De verantwoordelijkheid van een bibliothecaresse honderd jaar geleden was zwaar. Niet alleen was het haar taak om de mensheid te verheffen middels goede lectuur, maar ook om diezelfde mensheid te behoeden voor verderfelijke boeken. En daarvoor had tante Ellie ‘het rooie kastje”, waarin de “gevaarlijke, niet voor iedereen geschikte lectuur” veilig werd opgesloten. Haar eigen relaas daarover sluit ik bij.
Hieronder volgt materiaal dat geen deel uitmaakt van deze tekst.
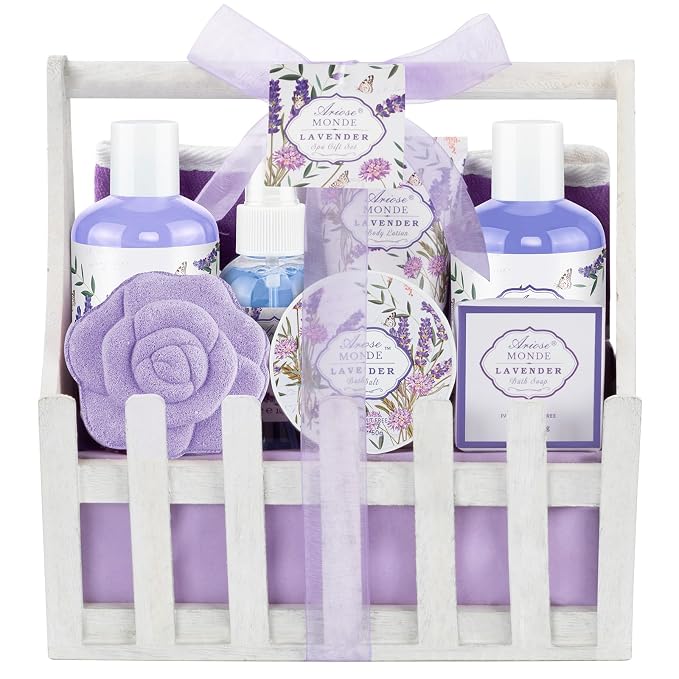 Gift Baskets for Women, Lavender Gift Sets for Women Self Care Spa Gift Basket by Ariosemonde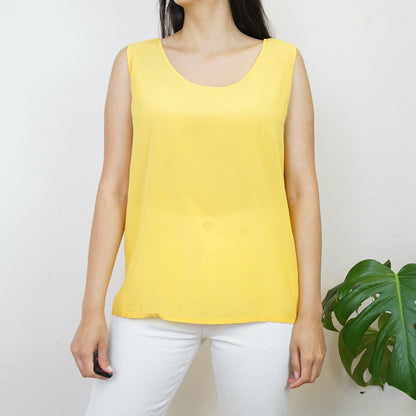 Vintage yellow silk Blouse size M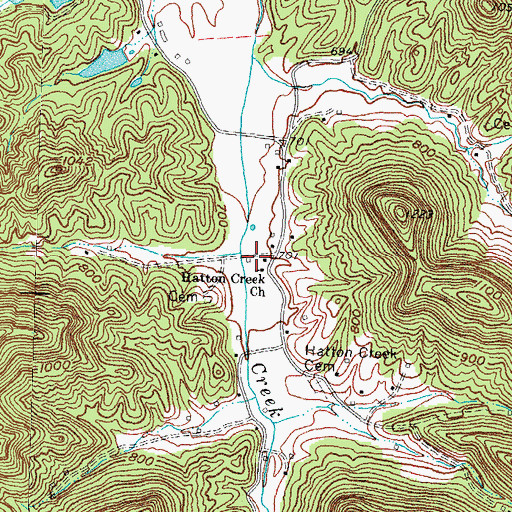 Topographic Map of Hatton Creek (historical), KY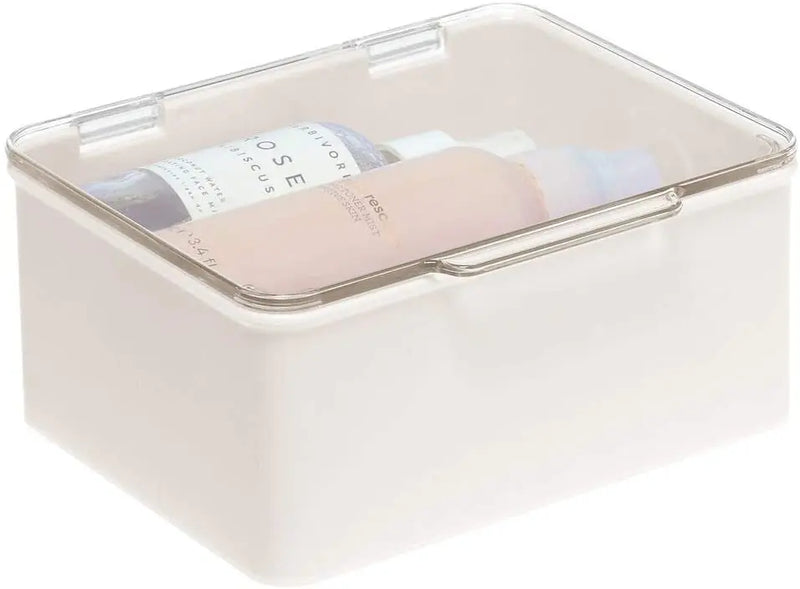 mDesign Plastic Stackable Bathroom Vanity Countertop Storage Cosmetic Organizer Box with Hinged Lid for Makeup, Beauty, Hair, Nail Supplies - 2 Pack - Cream/Clear mDesign Store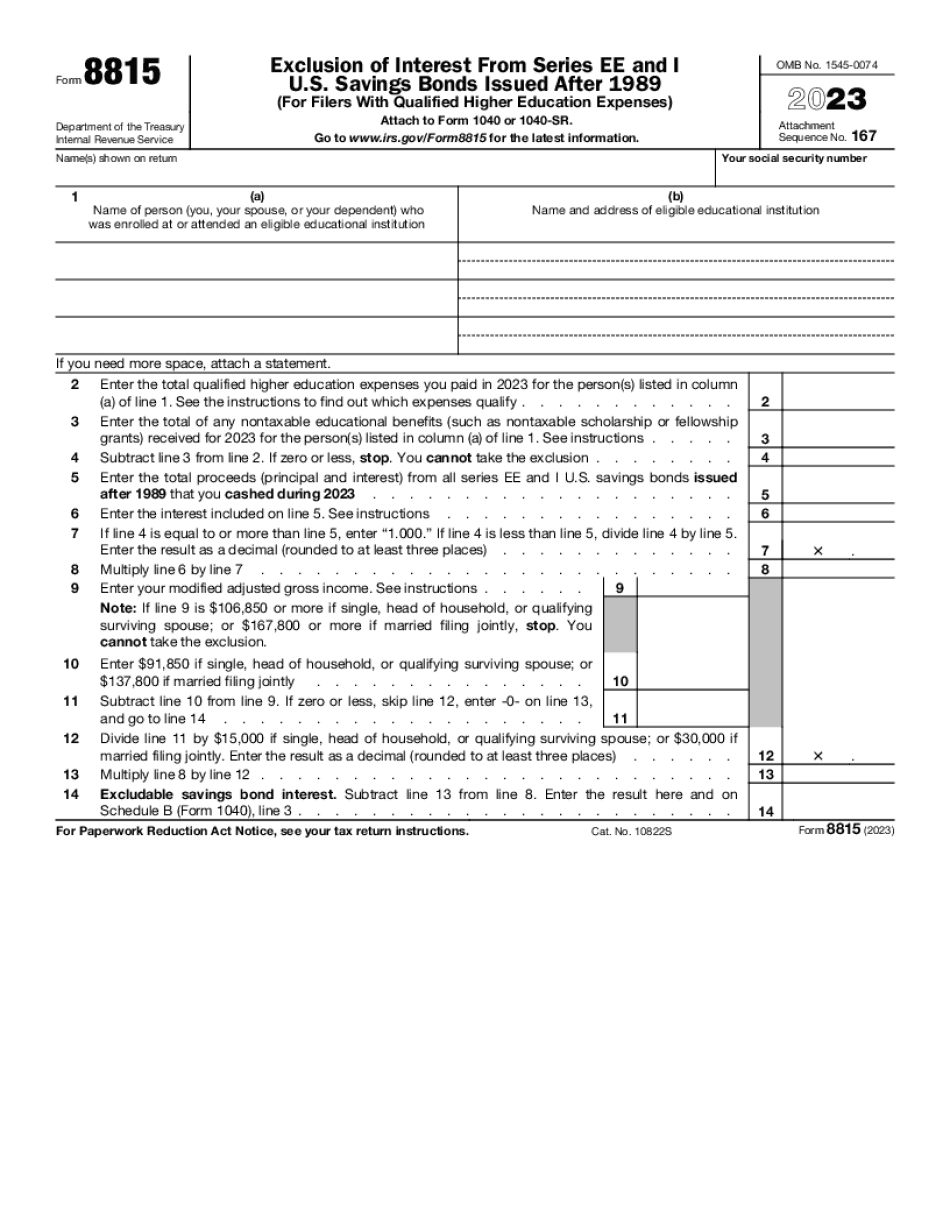 Form 8815 Completion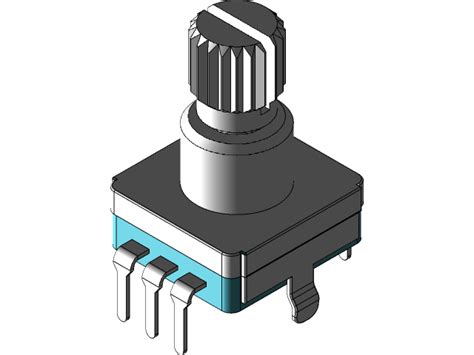 Rotary Encoder With Push Button 3d Cad Model Library Grabcad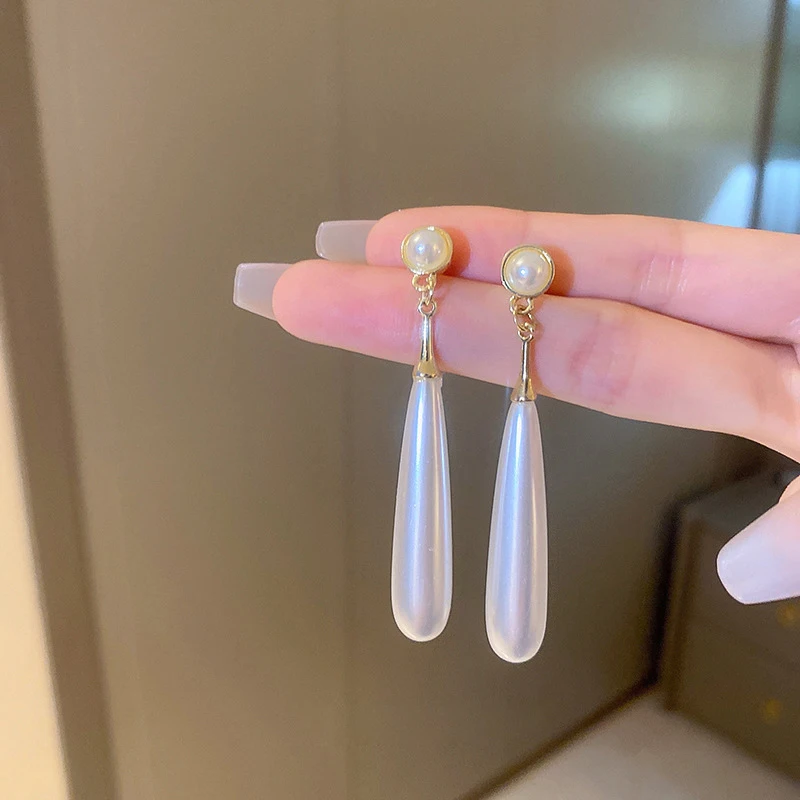 925 silver needle French elegant temperament pearl drop earrings female long accessories light luxury earrings stud earrings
Net als voor tante Ellie staat dat rooie kastje met ´verboden boeken’ nogal centraal voor mij in de Bulkboek Post. Maar terwijl zij het als haar taak zag om het te vullen, haal ik het liever leeg. Want vóór je het weet…….In dezelfde jaren dat tante Ellie “Merijntje Gijzen” opsloot in het rooie kastje gingen onze buren namelijk een paar stappen verder. Op de Opernplatz in Berlijn belandden in 1933 veel boeken op de brandstapel, waaronder het werk van mijn favoriete kampioen van het vrije woord, Kurt Tucholsky.
Tucholsky schreef novellen, verhalen, gedichten, recensies, toneelkritieken, schetsen, chansons, reisverslagen en aforismen. En hij was vooral heel erg geestig. Wijlen mijn buurvrouw Annie M.G. Schmidt ´leende wel eens een idee´ van hem, bekende ze, net als Simon Carmiggelt en Godfried Bomans. Tegelijk hoort zijn vaakst ‘opgesloten’, verboden, verguisde en verbrande oeuvres ooit. Daarom als dagsluiter en woord-voor-de-zondag nog een leerzame tekst van Kurt Tucholsky over tante Ellie en jou en mij en al die anderen: De mens.
Alvast een fijn weekend!
Theo Knippenberg
PS: “De wormen, kind, altijd de wormen! Kikkers eten wormen; ooievaars eten kikkers; ooievaars brengen kinderen en kinderen hebben wormen. Dat is de kringloop van de natuur.” (Kurt Tucholsky).